EDIT: also if you move the SATA connectors for your drives into different plugs on the mobo to help the card fit, you may have to get into set up / bios to "activate" those respective plugs / terminals. otherwise the mobo won't "see" the drives. and they won't work. but that is very easy to do. a few simple key strokes at start up and you're at the set up menu. a little navigation and more keystrokes and you'll be good to go. need any help with it, again ask here.


----------



## DocJay35 (Oct 9, 2008)

what kind of cables and how long.
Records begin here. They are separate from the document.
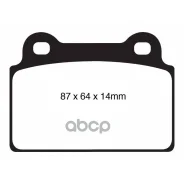 ������� ��������� EBC Brakes ���. DP51985NDX DP51985NDX ����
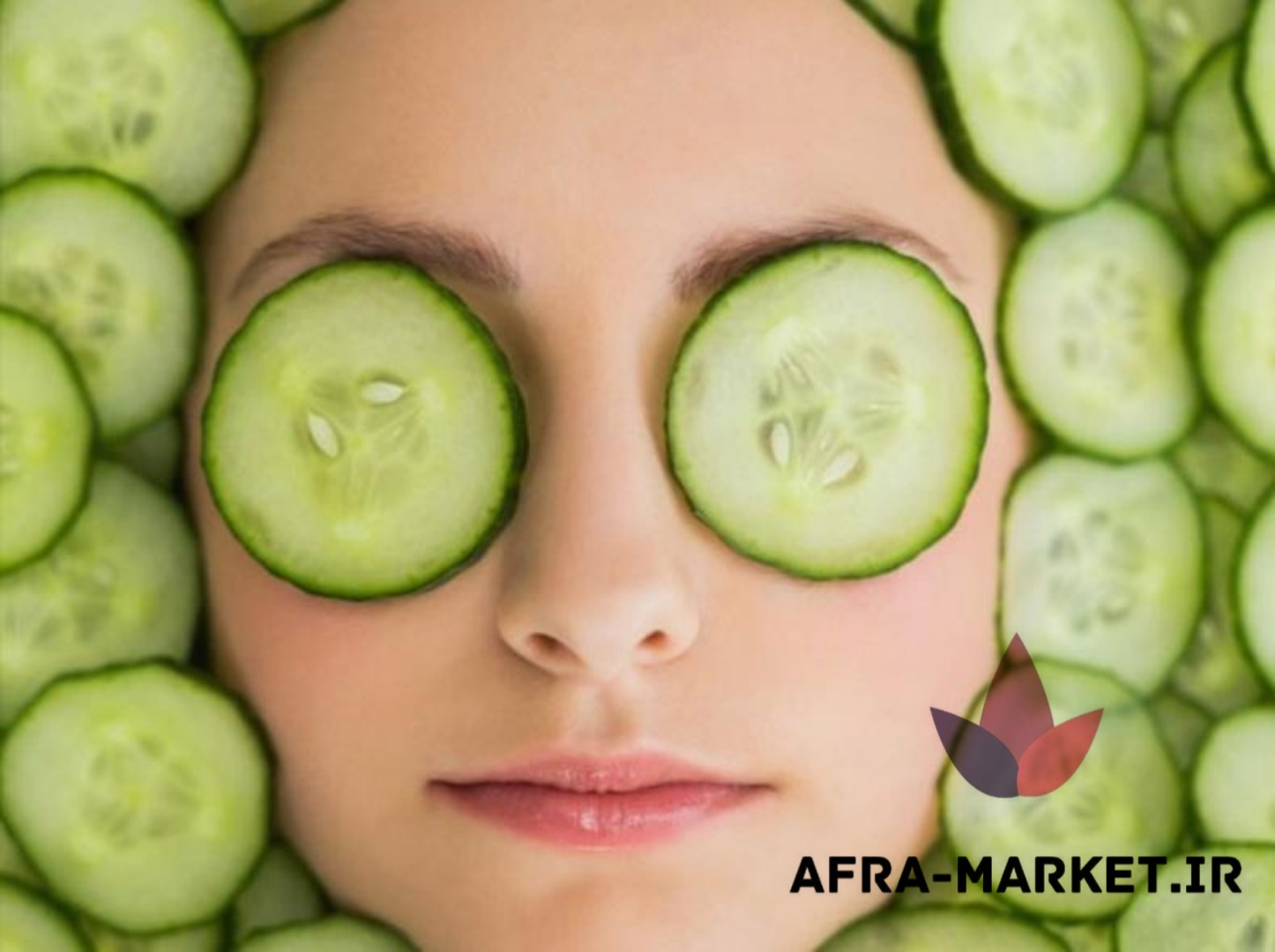 فواید ماسک صورت خیار و نحوه درست کردن آن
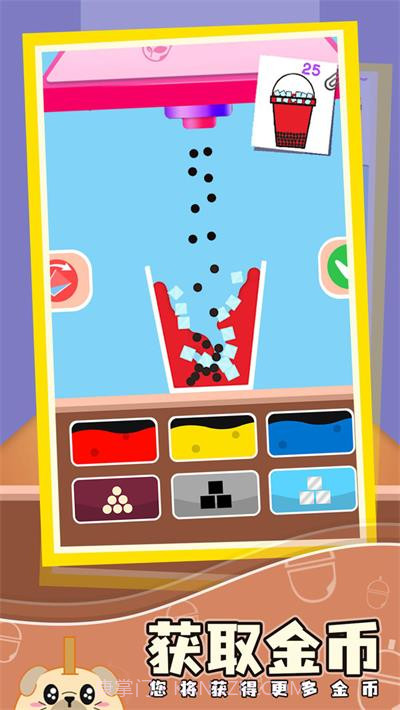 珍珠奶茶截图1 珍珠奶茶截图1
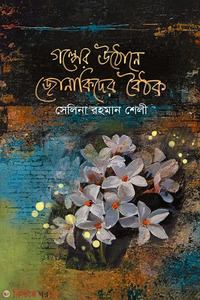 গল্পের উঠোনে জোনাকিদের বৈঠক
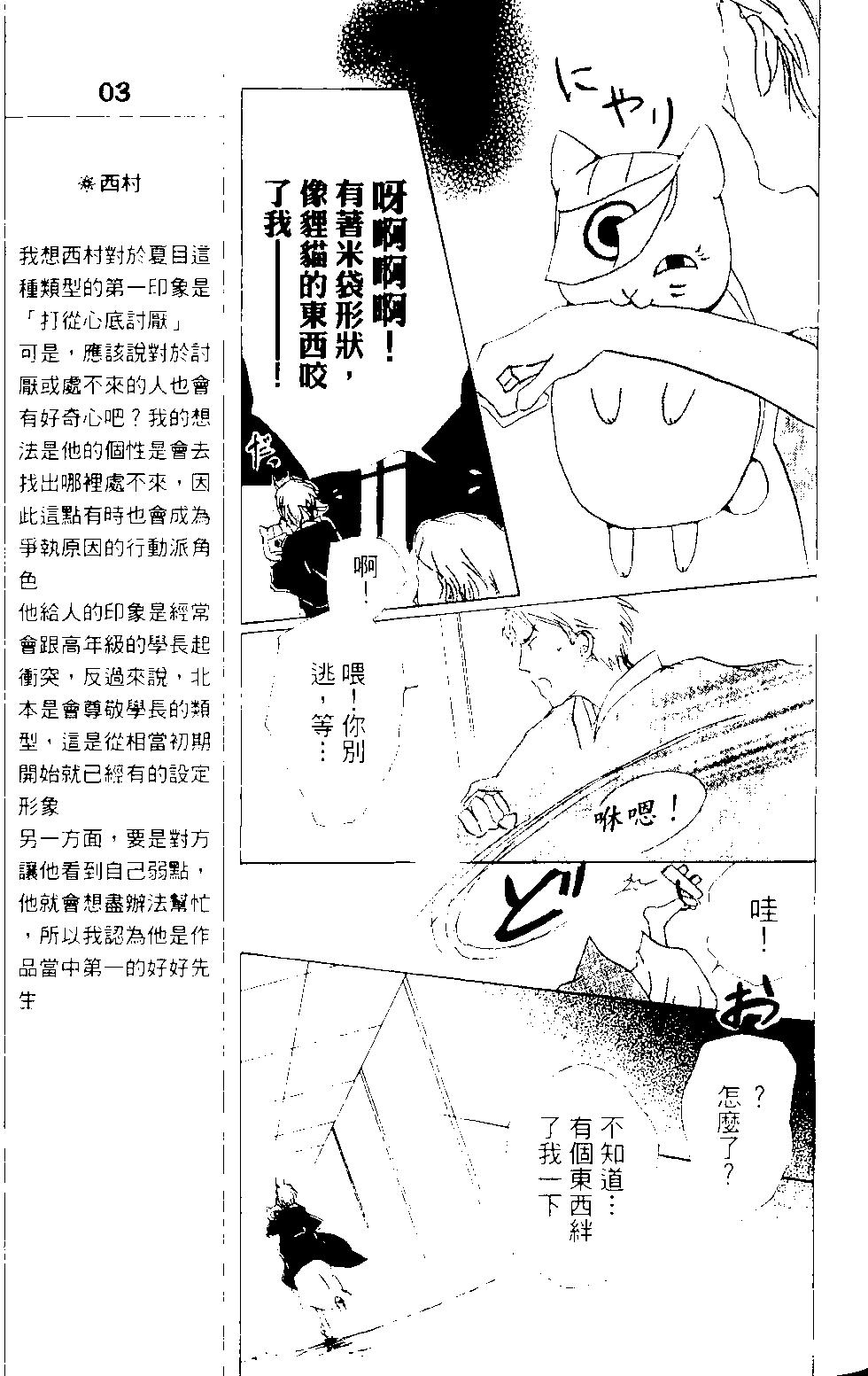 第13卷89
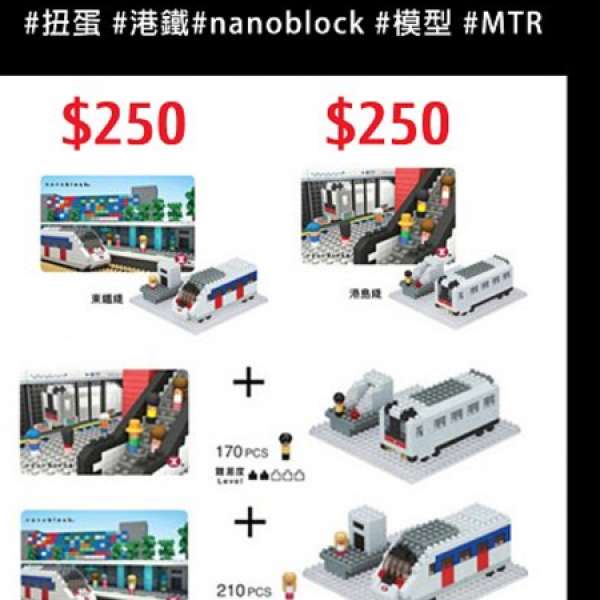 #MTR nanoblock #扭蛋 #港鐵 2025 #nanoblock #模型
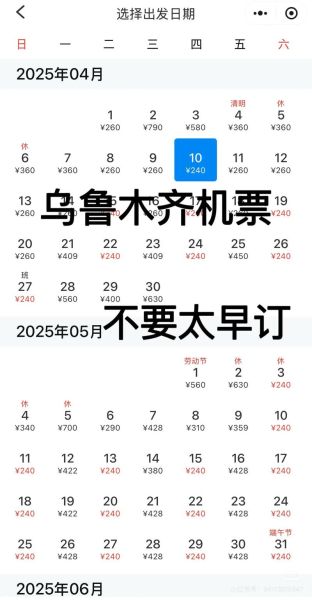 北京到乌鲁木齐飞机票多少钱_怎么买最便宜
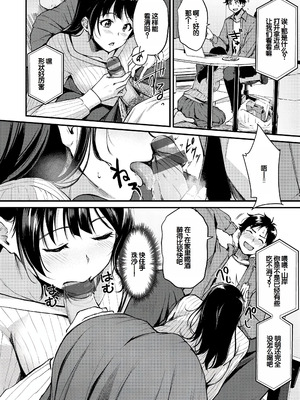[れぐでく] ふしだらワーキング [甜族星人赞助汉化] [DL版]_070_piqp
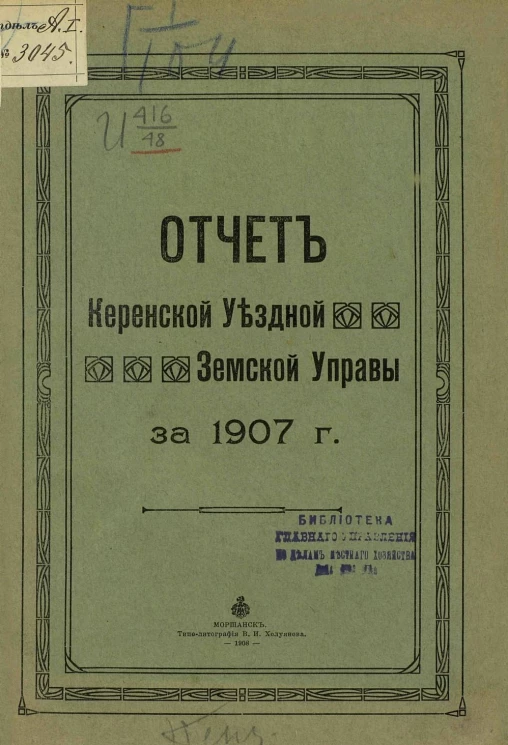 Отчет Керенской уездной земской управы за 1907 год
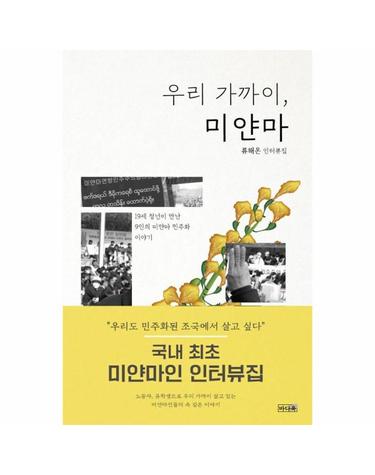 우리 가까이, 미얀마 - 19세 청년이 만난 9인의 미얀마 민주화 이야기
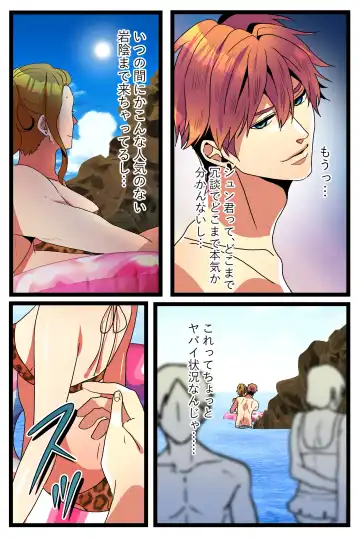 NTR Gal. -Umi de Tomodachi to W Date no Hazu ga, Netorare Aokan-chuu- Fhentai - Page 16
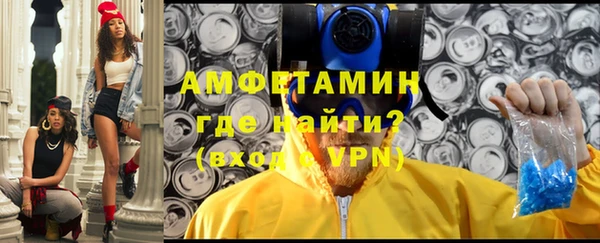 COCAINE Абинск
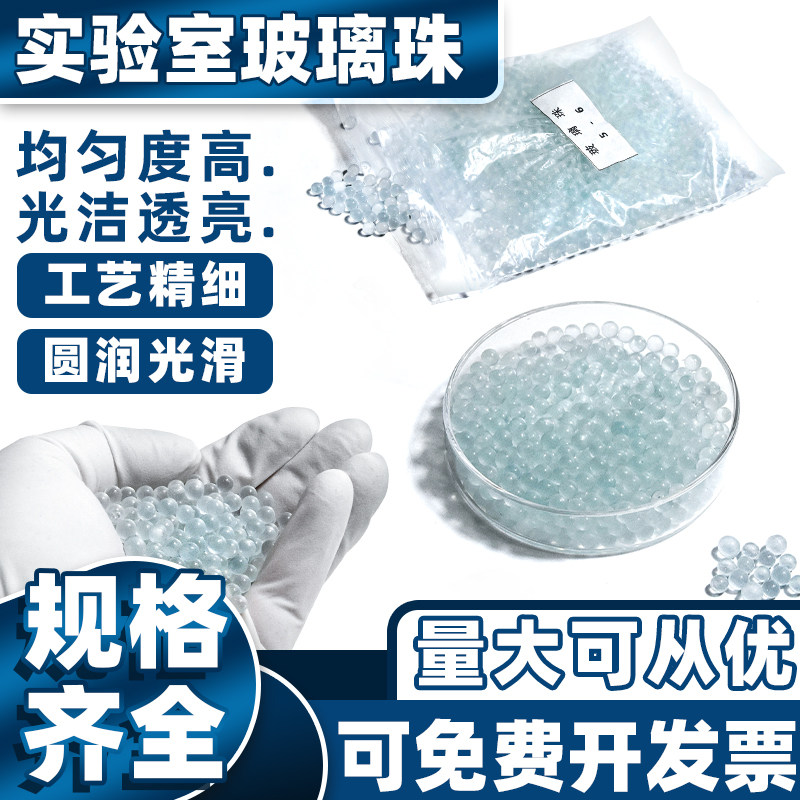 玻璃珠透明 玻璃止沸珠防溅液体止沸加热球大小直径4-8mm实验耗材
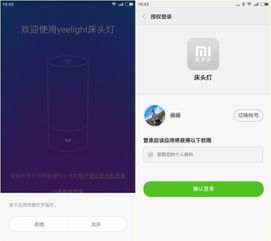 小米床头灯怎么连手机 ，小米床头灯如何通过手机进行连接和控制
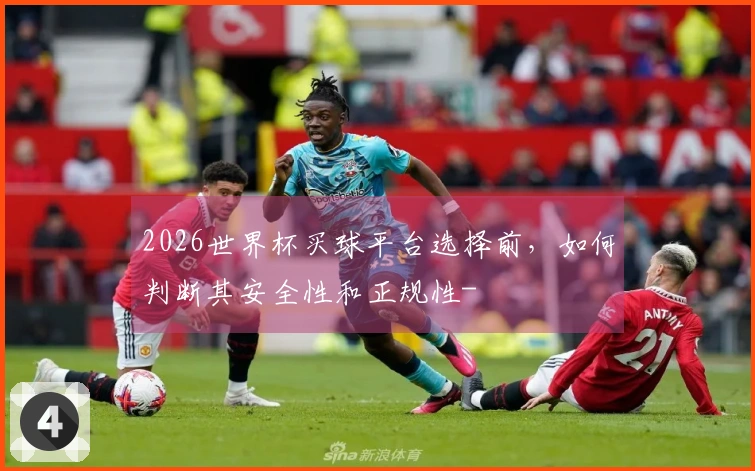 2026世界杯买球平台选择前，如何判断其安全性和正规性-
I'm thinking you mean hard drive and DVD drive right


----------



## ChromeDome (Oct 9, 2008)

yeah. they are called SATA cables. they run from the back of your dvd /cd drives to the mobo. and from your hard drive. the hard drive cable in this first photo is blue, the orange and red ones run UP to the dvd/cd drives. the HD cable shouldn't be a problem because of its lower position in the case. the others run DOWN and around the vid card. or under it if room allows. so they may need to be longer then the ones Dell provided to work with them better. or the ones you have might be fine? it depends on the card selected. 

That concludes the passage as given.